**Information given**
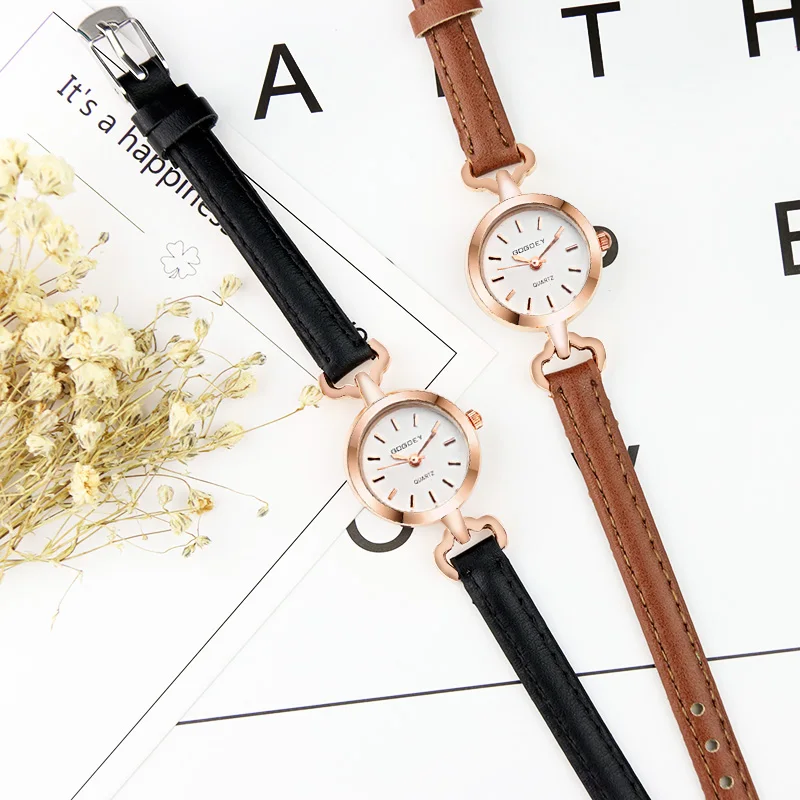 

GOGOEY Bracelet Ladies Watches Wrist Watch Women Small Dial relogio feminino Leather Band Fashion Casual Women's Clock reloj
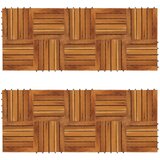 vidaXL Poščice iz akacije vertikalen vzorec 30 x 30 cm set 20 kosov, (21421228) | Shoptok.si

--

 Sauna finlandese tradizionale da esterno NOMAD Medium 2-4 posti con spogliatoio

--

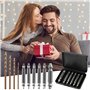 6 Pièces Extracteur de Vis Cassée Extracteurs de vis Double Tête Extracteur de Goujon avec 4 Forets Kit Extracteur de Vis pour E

**Exercise aim**
Find the line with "GOGOEY Bracelet Ladies" in the entries above. Set down exactly every line from it up to and including the line with "vidaXL Poščice iz", images excluded.

**Your solution**
GOGOEY Bracelet Ladies Watches Wrist Watch Women Small Dial relogio feminino Leather Band Fashion Casual Women's Clock reloj
 vidaXL Poščice iz akacije vertikalen vzorec 30 x 30 cm set 20 kosov, (21421228) | Shoptok.si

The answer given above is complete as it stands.